1.1/1023 is calculated correctly because there is a float in the operation, right?
Why is not ((1.1/1023)((R+R2)/R2))working, when ((1.1/1023)(((float)R1+R2)/R2)) is?
Is it because of the parentheses? And that it calculates the (R1+R2)/R2 part first/separate and there is no float in that calculation?

And have I understood it correctly when I think that in the compiled code there will be only one value stored, and that is the sum of my formula? Which is calculated when compiled, and not by the Arduino at run time.

strixx:
Thanks! As I wrote I am trying to learn/understand, not just do.
So I have to follow up with two questions:

Why is that working?
1.1/1023 is calculated correctly because there is a float in the operation, right?
Why is not ((1.1/1023)((R+R2)/R2))working, when ((1.1/1023)(((float)R1+R2)/R2)) is?
Is it because of the parentheses? And that it calculates the (R1+R2)/R2 part first/separate and there is no float in that calculation?

And have I understood it correctly when I think that in the compiled code there will be only one value stored, and that is the sum of my formula? Which is calculated when compiled, and not by the Arduino at run time.

Because

(R+R2)/R2)

results to an int

but

(((float)R1+R2)/R2)

results to a float

strixx:
Which is calculated when compiled, and not by the Arduino at run time.

right.

The C++ way of doing what you are attempting is using constexpr functions... a function that will evaluate (literals) at compile time, like this:

#define R1 984000
#define R2 472000

constexpr float batFact(float a, float b)
{
  return ((1.1/1023)*((a+b)/b));
}

const float myValue = batFact(R1, R2);

void setup()
{
  Serial.begin(9600);
  Serial.println(myValue);
}

void loop() 
{
}

Why not

#define R1 (float)984000

The #define works like a simple text replacement; it does not have to be a valid expression on its own.

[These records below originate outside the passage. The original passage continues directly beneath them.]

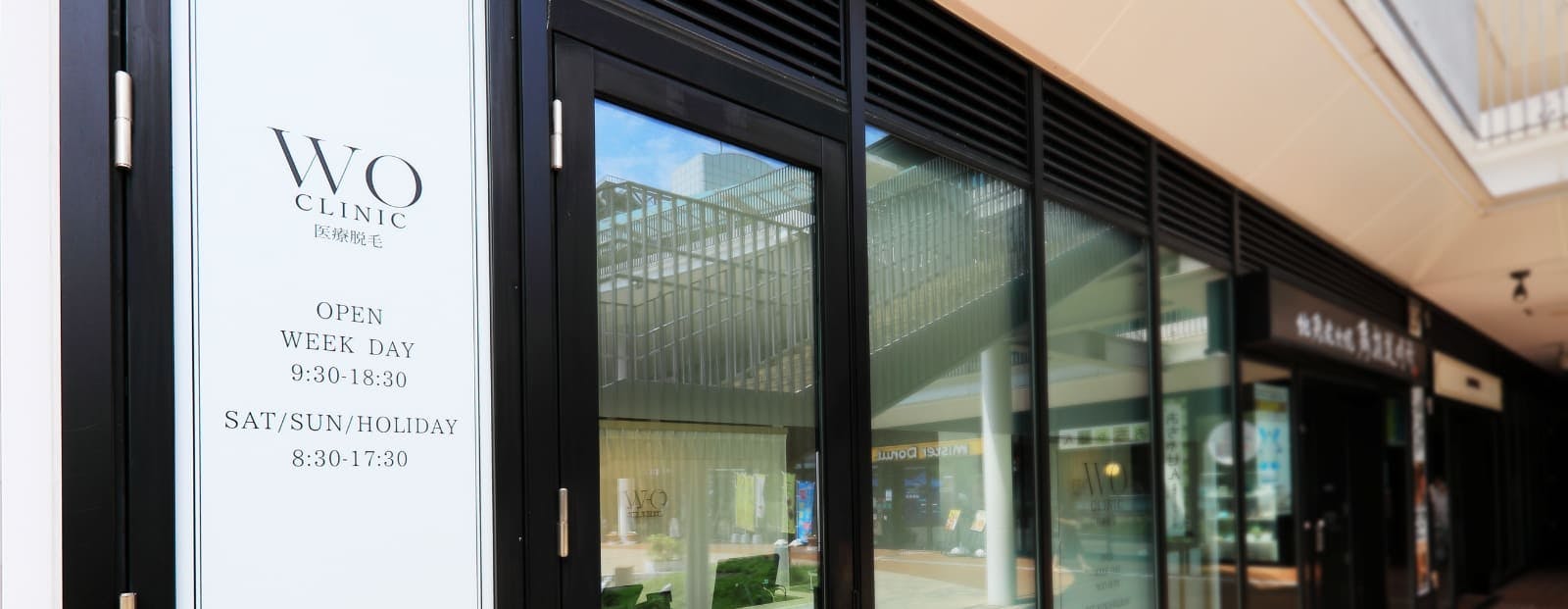 WOクリニック 西大寺院(WO CLINIC)の店舗画像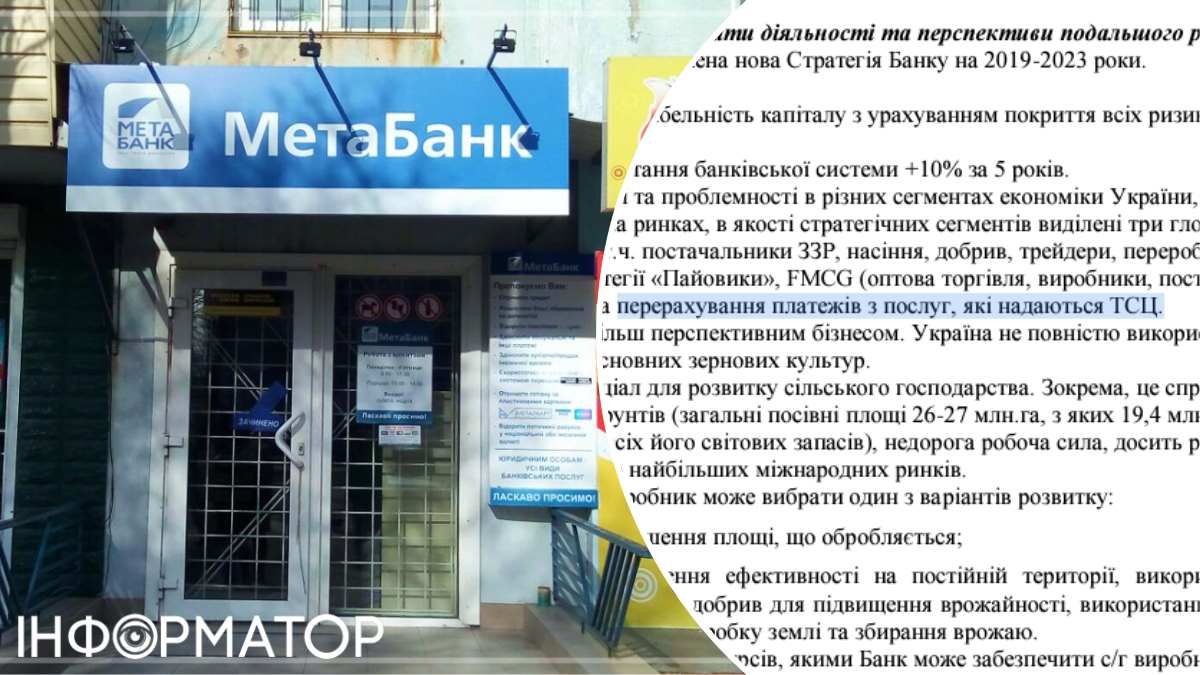МетаБанк навіть вніс прийняття платежів від ТСЦ у свою фінансову звітність за один з попередніх років МетаБанк навіть вніс прийняття платежів від ТСЦ у свою фінансову звітність за один з попередніх років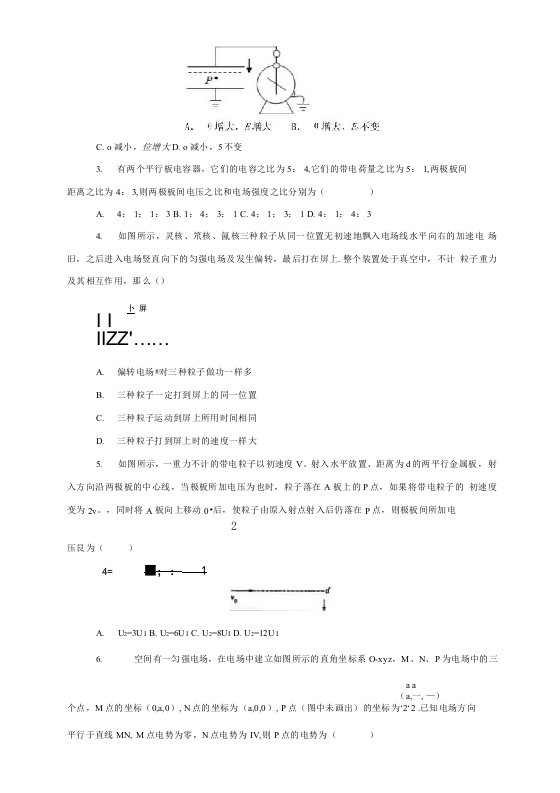 高一上学期第一次月考物理试题含解析6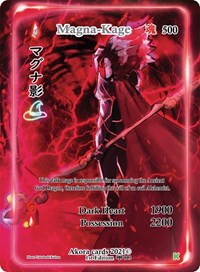 Magna-Kage (Full Art) | Spellbound Wings [Kickstarter Edition] | Full Art | Unspecified | #013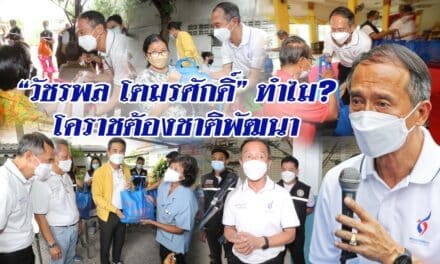 “วัชรพล โตมรศักดิ์” ทำไม? โคราชต้อง ชาติพัฒนา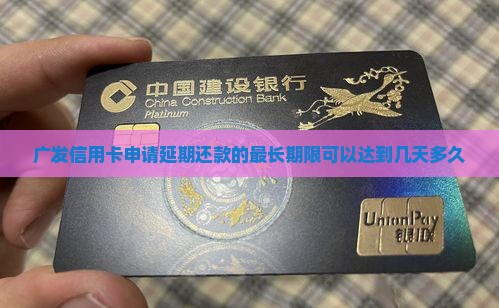 广发信用卡申请延期还款的最长期限可以达到几天多久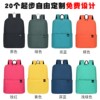 Customized backpack casual lightweight small backpack
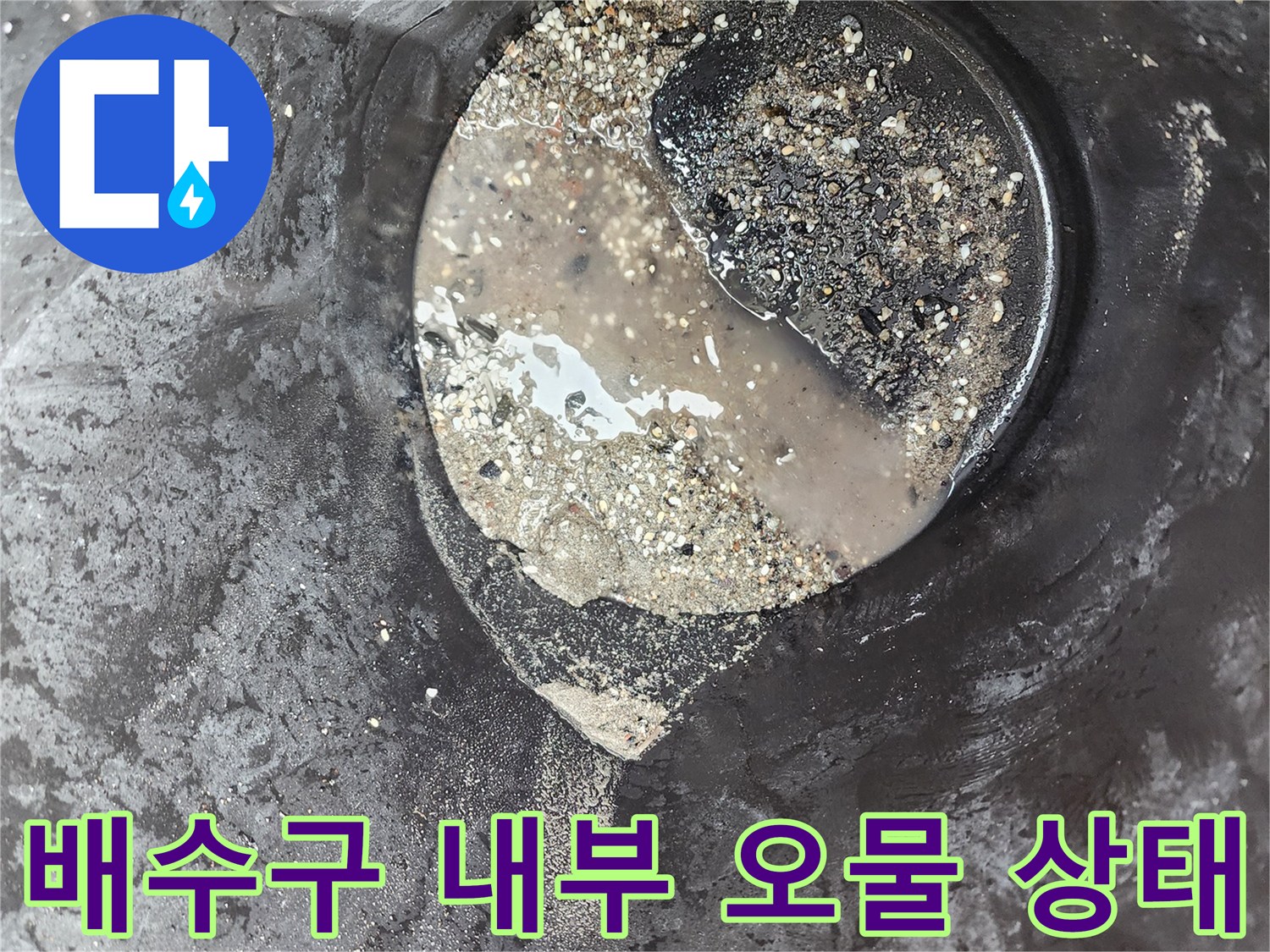 배관-내부의-기름찌꺼기와-탁한-물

You can do stupid things like:

#define stupid (27
Serial.print(stupid));

...but please don't.

The const hint is the best way to do this for simple values. (See reply #8.)

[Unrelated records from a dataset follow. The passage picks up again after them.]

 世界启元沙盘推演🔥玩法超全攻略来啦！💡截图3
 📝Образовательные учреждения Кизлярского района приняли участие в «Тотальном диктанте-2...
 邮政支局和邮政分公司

1.1/1023 is calculated correctly because there is a float in the operation, right?

Not correct in any case. The correct divisor is 1024, as there are 1024 values that can arise.

Minor correction but nevertheless an important point.

jremington:
Not correct in any case. The correct divisor is 1024, as there are 1024 values that can arise.

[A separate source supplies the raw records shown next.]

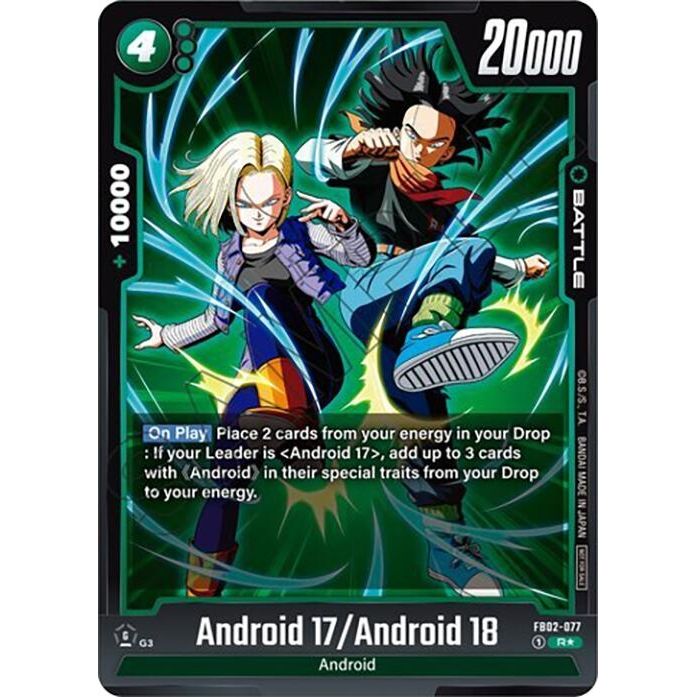 Image for Android 17/Android 18 - FB02-077 (Tournament Pack 02) (FB02-077) (DBSFW_TPR) - Dragon Ball Super: Fusion World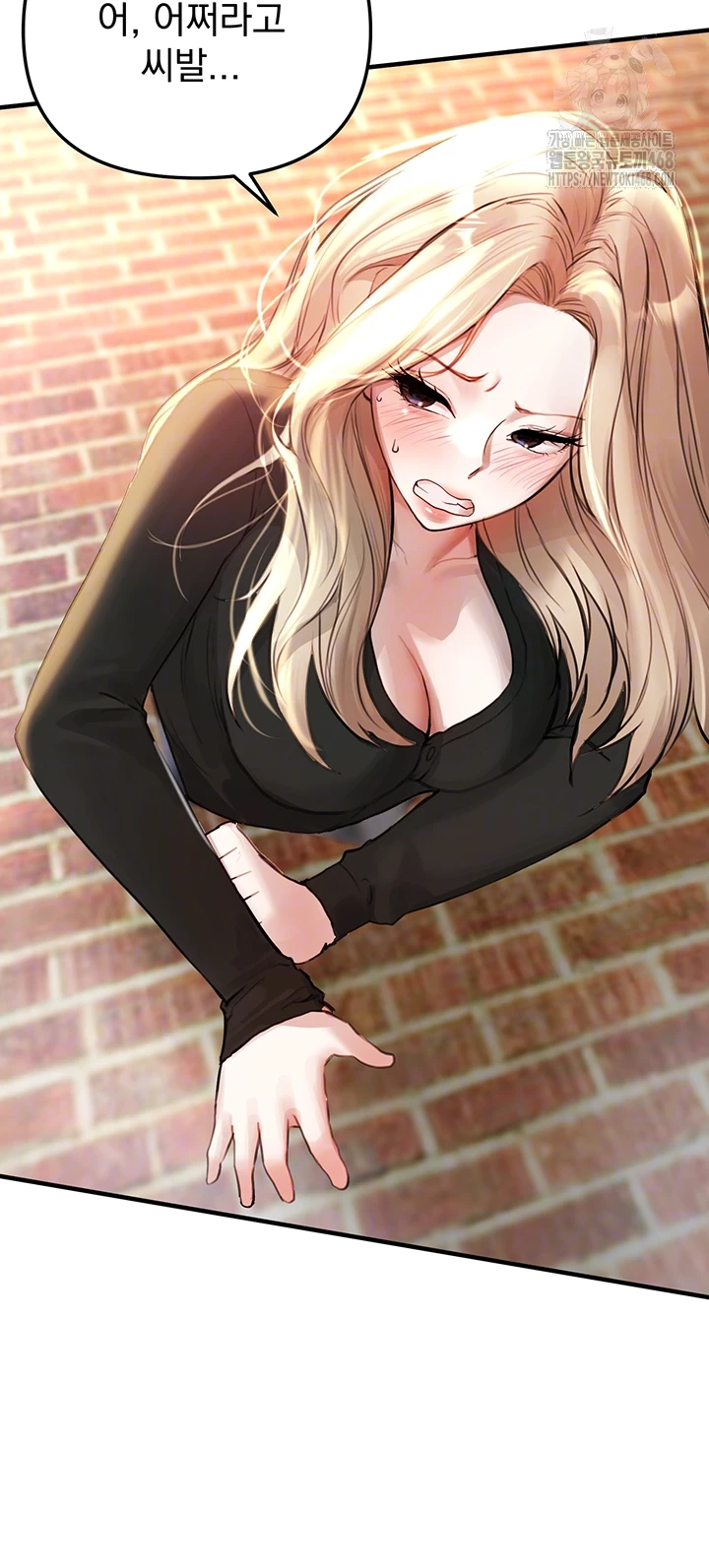 Beautiful Days Raw - Chapter 39 - photo - 12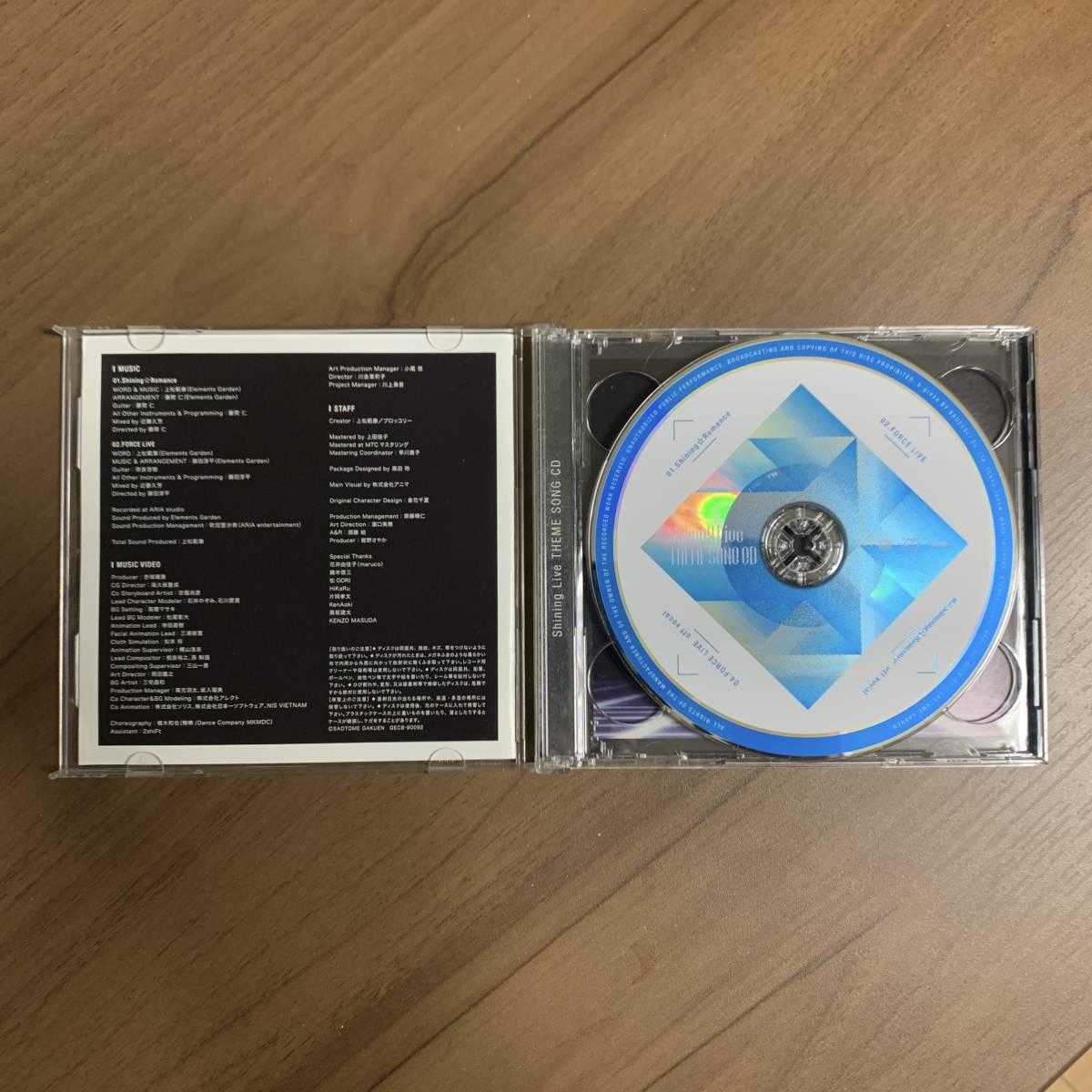 うたの☆プリンスさまっ♪ Shining Live テーマソングCD ~FORCE LIVE ver.~ CD+DVDの画像2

may arise from what? it' a compile-time constant...

It arises from the fact that the ADC has 10 bits of resolution, leading to 1024 possible values.

jremington:
It arises from the fact that the ADC has 10 bits of resolution, leading to 1024 possible values.

well... 1023 values plus zero. in any case it is off topic.

The OP is interested in correct results, so it is not off topic to suggest using the correct constants.

strixx:
1.1/1023 is calculated correctly because there is a float in the operation, right?
Why is not ((1.1/1023)((R+R2)/R2))working, when ((1.1/1023)(((float)R1+R2)/R2)) is?
Is it because of the parentheses? And that it calculates the (R1+R2)/R2 part first/separate and there is no float in that calculation?

when you evaluate an expression you need to consider operator Precedence and Associativity, see

in the expression (R1+R2)/R2 the (R1+R2) is evaluated first (due to the ()) then the division
in the expression R1+R1/R2 the R1/R2 has the highest Precedence so it is evaluated first then the addition

you also need to consider conversion between types
http://www.cplusplus.com/doc/tutorial/typecasting/

for example why is the output of

#define R1 984000
#define R2 472000
Serial.println(R1/R2 + (float)R2, 8);
Serial.println((float)R1/R2 + R2, 8);

this

472002.00000000
472002.09375000

It arises from the fact that the ADC has 10 bits of resolution, leading to 1024 possible values.

With V_ref = 1.1V

With V_in = 0V, ADC Value = 0x00 = 0
With V_in = 1.1V, ADC Value = 0x3F = 1023

So, when V_in = V_DT, ADC Value = (1023/1.1)*V_DT (Is it correct?)